Using a customized scraper, we collected:

Job Title
Salary Estimate
Description
Company Info
Headquarters, Size, Age
Industry, Sector, Revenue
Competitors

Results are stored in

🧼 Data Cleaning

Created custom features:

Parsed salaries (hourly, employer-provided)
Extracted company rating, state, and age
Flagged skills: Python, R, Excel, AWS, Spark
Simplified job title & seniority
Computed description length

📈 Exploratory Data Analysis (EDA)

Used pivot tables and visualizations to explore:

Salary by job title
Job opportunities by state
Correlations among features

🧠 Model Building

Converted categorical variables to dummy variables
Split data (80% train, 20% test)
Evaluated using MAE (Mean Absolute Error)

Models Tested:

Multiple Linear Regression (baseline)
Lasso Regression (handles sparsity)
Random Forest (best performance)

📊 Model Performance

Model	MAE
Random Forest	11.22
Linear Regression	18.86
Ridge Regression	19.67

🚀 Productionization (Flask API)

API Workflow:

Takes job data as JSON input
Returns predicted salary

🛠️ How to Run This Project (Windows / Linux / macOS)

cd path/to/repository/directory/

2️⃣ Create a Virtual Environment

For macOS/Linux:

python3 -m venv .venv # (it creates a virtual environment named .venv)
source .venv/bin/activate # (it activates the virtual environment)

For Windows:

python -m venv .venv (it creates a virtual environment named .venv)
.venv\Scripts\activate (it activates the virtual environment)

3️⃣ Install Dependencies

pip install -r requirements.txt # (it installs all the dependencies)

4️⃣ Load and Clean Data

Next run the data_cleaning.py file using this command:

python data_cleaning.py

This file will sort through a pre-existing csv file called glassdoor_jobs.csv, which contains information about data science jobs scraped from the Glassdoor job search engine.

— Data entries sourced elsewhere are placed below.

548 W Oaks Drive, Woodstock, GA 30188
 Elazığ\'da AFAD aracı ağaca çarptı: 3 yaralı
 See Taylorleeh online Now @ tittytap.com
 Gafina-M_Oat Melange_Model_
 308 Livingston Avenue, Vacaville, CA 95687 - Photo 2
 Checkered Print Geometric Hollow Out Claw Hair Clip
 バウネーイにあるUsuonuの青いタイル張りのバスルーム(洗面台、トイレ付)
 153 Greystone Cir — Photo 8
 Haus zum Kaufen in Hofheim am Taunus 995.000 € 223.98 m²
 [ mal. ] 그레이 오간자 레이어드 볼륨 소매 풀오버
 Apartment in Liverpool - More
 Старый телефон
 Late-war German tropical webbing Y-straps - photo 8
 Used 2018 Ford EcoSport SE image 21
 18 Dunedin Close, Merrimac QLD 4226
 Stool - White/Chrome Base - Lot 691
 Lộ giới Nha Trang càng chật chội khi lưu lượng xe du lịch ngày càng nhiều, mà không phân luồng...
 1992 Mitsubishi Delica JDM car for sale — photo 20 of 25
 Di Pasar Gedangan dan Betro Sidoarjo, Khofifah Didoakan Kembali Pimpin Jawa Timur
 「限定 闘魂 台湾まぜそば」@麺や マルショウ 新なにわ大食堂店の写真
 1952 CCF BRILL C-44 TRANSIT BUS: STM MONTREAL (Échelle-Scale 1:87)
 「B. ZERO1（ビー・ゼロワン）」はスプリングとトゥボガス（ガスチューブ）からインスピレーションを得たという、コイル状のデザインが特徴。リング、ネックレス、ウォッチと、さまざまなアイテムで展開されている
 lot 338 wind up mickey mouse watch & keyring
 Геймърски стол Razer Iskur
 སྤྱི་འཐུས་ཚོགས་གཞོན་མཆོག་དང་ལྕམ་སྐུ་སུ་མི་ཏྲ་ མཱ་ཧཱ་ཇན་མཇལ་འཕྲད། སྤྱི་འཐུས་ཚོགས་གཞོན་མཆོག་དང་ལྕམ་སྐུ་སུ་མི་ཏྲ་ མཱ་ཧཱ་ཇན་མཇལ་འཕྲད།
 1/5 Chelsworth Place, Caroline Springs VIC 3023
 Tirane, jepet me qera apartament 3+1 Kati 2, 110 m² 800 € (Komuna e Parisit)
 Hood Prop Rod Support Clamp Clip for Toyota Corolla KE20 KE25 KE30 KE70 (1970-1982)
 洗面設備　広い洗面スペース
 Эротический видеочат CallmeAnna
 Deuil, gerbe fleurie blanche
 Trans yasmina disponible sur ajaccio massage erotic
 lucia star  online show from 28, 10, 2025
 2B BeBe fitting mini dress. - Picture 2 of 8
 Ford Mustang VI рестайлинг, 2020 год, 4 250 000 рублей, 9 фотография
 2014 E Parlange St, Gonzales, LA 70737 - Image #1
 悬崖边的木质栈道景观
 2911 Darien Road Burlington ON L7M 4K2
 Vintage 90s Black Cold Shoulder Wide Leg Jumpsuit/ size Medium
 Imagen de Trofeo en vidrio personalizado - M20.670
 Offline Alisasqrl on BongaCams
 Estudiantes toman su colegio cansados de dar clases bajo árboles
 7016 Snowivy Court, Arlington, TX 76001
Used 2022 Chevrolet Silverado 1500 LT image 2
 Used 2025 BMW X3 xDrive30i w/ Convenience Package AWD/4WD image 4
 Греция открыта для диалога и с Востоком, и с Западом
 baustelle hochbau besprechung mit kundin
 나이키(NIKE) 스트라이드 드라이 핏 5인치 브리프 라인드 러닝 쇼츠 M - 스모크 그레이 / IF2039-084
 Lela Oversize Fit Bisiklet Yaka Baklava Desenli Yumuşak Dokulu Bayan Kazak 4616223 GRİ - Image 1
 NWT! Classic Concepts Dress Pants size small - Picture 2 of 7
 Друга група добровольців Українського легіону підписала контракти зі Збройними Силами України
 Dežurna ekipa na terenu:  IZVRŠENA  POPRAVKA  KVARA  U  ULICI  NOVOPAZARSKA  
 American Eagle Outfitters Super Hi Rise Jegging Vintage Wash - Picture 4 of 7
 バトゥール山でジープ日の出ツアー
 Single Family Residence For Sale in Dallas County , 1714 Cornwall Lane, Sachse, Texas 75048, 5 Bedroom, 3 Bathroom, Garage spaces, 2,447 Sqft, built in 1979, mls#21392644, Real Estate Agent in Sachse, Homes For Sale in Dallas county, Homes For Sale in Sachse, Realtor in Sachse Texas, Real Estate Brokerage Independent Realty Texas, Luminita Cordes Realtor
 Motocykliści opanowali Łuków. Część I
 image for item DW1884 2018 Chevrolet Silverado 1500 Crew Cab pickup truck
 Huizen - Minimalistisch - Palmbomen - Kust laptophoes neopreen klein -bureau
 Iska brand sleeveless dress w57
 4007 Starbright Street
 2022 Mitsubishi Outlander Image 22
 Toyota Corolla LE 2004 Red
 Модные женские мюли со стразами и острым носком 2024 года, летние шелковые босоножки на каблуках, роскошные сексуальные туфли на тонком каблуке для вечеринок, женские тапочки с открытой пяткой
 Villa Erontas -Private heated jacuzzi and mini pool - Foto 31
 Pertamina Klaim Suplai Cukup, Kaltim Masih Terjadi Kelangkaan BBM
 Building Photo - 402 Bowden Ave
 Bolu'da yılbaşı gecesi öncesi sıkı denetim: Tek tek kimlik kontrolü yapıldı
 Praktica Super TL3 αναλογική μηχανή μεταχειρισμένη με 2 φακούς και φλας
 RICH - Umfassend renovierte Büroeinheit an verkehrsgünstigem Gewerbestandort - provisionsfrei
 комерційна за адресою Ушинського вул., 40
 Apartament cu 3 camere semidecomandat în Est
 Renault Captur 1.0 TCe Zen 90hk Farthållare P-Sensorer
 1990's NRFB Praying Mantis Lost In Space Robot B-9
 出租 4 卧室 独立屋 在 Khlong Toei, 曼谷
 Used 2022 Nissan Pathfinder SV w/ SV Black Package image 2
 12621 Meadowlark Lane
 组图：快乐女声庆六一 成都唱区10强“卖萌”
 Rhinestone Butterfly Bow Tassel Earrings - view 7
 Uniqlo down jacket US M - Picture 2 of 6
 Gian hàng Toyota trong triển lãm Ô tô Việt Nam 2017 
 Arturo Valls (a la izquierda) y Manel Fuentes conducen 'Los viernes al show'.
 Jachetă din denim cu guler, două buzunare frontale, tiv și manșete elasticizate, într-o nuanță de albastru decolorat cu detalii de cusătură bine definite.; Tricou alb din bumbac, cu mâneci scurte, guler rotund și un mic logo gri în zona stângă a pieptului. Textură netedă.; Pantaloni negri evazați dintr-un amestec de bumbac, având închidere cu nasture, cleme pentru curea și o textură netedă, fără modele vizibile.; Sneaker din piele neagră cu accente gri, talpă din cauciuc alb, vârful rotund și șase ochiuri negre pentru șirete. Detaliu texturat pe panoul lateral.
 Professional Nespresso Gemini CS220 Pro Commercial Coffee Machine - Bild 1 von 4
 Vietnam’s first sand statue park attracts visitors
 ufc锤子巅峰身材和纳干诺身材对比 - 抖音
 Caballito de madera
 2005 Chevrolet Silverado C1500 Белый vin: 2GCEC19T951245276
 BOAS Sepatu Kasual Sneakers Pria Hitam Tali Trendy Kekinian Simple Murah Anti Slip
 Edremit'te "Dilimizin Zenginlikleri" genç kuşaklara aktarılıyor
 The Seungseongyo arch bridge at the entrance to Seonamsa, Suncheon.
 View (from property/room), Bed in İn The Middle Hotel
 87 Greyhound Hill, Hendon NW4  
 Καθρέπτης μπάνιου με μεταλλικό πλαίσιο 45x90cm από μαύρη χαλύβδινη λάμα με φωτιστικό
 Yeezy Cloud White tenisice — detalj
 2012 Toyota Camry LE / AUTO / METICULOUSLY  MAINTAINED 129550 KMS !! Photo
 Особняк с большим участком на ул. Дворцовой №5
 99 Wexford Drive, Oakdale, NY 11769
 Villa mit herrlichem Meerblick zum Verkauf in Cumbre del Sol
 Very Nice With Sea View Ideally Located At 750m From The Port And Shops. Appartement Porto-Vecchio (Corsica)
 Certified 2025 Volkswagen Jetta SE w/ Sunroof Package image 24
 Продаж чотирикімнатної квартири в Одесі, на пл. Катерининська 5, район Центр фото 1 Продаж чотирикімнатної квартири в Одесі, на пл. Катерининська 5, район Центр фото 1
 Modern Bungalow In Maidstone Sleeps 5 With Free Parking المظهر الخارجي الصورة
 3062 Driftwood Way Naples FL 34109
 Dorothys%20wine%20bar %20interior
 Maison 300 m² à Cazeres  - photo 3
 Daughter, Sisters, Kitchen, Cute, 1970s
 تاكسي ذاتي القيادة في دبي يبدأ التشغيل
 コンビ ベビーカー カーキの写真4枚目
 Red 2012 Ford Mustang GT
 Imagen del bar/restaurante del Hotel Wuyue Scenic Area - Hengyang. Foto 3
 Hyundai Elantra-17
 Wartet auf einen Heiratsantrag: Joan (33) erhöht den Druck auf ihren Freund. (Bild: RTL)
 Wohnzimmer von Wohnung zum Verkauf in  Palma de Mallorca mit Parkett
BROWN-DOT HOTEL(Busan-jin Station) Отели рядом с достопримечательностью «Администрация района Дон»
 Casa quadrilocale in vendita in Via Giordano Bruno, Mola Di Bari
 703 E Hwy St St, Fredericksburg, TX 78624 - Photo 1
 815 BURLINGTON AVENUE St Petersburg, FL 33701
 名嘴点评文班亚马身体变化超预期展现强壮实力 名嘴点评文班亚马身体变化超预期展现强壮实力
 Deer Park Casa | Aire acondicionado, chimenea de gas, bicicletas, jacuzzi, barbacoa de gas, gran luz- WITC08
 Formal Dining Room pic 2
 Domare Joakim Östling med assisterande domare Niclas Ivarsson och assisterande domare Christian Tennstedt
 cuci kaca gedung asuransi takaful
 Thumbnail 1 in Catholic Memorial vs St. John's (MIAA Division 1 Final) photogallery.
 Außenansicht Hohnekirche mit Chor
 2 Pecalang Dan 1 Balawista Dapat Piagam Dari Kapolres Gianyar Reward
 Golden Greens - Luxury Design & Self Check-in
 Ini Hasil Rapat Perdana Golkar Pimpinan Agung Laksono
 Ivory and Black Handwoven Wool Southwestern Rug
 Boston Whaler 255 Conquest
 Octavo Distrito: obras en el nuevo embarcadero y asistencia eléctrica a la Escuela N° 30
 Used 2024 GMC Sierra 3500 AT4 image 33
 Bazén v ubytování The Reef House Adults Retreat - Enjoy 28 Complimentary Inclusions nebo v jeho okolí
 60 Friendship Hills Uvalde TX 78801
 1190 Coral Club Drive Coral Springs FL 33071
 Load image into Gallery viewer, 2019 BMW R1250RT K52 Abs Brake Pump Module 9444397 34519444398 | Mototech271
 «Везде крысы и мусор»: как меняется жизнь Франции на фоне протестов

The script data_cleaning.py creates some new features that we will use later in analysis. These features include but are not limited to: | Feature | Description | | Hourly | Boolean yes/no if the job post listed salary as an hourly wage instead of annual | | Minimum Salary | Lower-end of the given salary range | | Maximum Salary | Upper-end of the given salary range | | Average Salary | Average of the given salary range | | Age | Age of the company as determined from its founded date |

There are additional columns created that store booleans which can quickly determine if a specific skill was mentioned in the job description, such as Python.

Next we can perform EDA and prepare the input for model building:

1. Open `data_cleaning.ipynb` (note that this is a Jupyter notebook and not a simple python script like in the previous step)
2. select the kernel .venv/bin/activate
3. run all cells. (it loads the data and cleans it)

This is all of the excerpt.